Detection of Dataset Shifts in Learning-Enabled Cyber-Physical Systems using Variational Autoencoder for Regression

TL;DR

This paper introduces a novel method using variational autoencoders and conformal anomaly detection to identify dataset shifts in learning-enabled cyber-physical systems, enhancing safety and reliability.

Contribution

It presents a formal framework for dataset shifts in CPS and proposes a new detection approach that considers both input and output data, improving robustness with layer-wise relevance propagation.

Findings

Effective detection of dataset shifts with few false alarms

Detection approach operates faster than system sampling period

Validated on an emergency braking system in a self-driving car simulator

Abstract

Cyber-physical systems (CPSs) use learning-enabled components (LECs) extensively to cope with various complex tasks under high-uncertainty environments. However, the dataset shifts between the training and testing phase may lead the LECs to become ineffective to make large-error predictions, and further, compromise the safety of the overall system. In our paper, we first provide the formal definitions for different types of dataset shifts in learning-enabled CPS. Then, we propose an approach to detect the dataset shifts effectively for regression problems. Our approach is based on the inductive conformal anomaly detection and utilizes a variational autoencoder for regression model which enables the approach to take into consideration both LEC input and output for detecting dataset shifts.
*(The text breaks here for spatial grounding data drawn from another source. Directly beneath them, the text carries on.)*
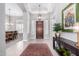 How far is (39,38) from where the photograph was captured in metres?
5.92

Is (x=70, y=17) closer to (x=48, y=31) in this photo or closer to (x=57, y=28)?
(x=57, y=28)

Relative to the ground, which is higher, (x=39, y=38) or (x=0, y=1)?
(x=0, y=1)

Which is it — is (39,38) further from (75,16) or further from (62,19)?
(75,16)

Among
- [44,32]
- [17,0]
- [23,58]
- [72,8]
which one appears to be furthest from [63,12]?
[23,58]

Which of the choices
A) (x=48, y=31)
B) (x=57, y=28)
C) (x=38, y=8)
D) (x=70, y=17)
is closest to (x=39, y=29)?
(x=48, y=31)

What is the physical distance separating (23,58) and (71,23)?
5.33ft

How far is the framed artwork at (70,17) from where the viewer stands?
12.0 feet

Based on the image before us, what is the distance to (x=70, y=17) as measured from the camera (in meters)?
3.98

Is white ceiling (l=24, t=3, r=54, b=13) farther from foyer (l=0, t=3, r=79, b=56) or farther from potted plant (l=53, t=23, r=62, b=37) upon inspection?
potted plant (l=53, t=23, r=62, b=37)

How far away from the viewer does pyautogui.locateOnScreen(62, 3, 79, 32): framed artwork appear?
12.0 feet

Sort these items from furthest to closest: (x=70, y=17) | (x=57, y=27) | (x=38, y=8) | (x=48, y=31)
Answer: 1. (x=38, y=8)
2. (x=48, y=31)
3. (x=57, y=27)
4. (x=70, y=17)

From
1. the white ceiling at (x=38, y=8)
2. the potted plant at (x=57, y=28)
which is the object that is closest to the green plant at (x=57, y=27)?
the potted plant at (x=57, y=28)

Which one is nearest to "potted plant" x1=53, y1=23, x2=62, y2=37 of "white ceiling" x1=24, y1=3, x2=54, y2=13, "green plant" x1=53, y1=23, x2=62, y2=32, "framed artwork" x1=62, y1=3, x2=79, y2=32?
"green plant" x1=53, y1=23, x2=62, y2=32

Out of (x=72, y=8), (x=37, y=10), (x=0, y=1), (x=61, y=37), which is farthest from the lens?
(x=37, y=10) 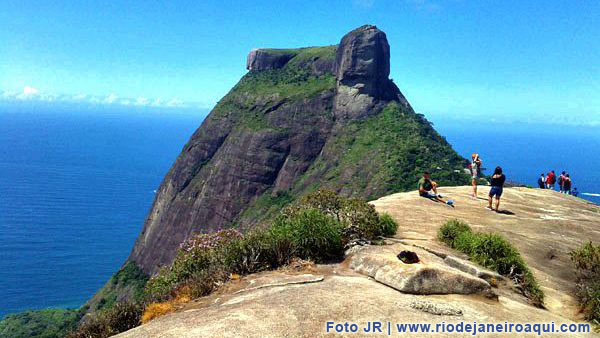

Additionally, in order to improve the robustness of detection, layer-wise relevance propagation (LRP) is incorporated into our approach. We demonstrate our approach by using an advanced emergency braking system implemented in an open-source simulator for self-driving cars. The evaluation results show that our approach can detect different types of dataset shifts with a small number of false alarms while the execution time is smaller than the sampling period of the system.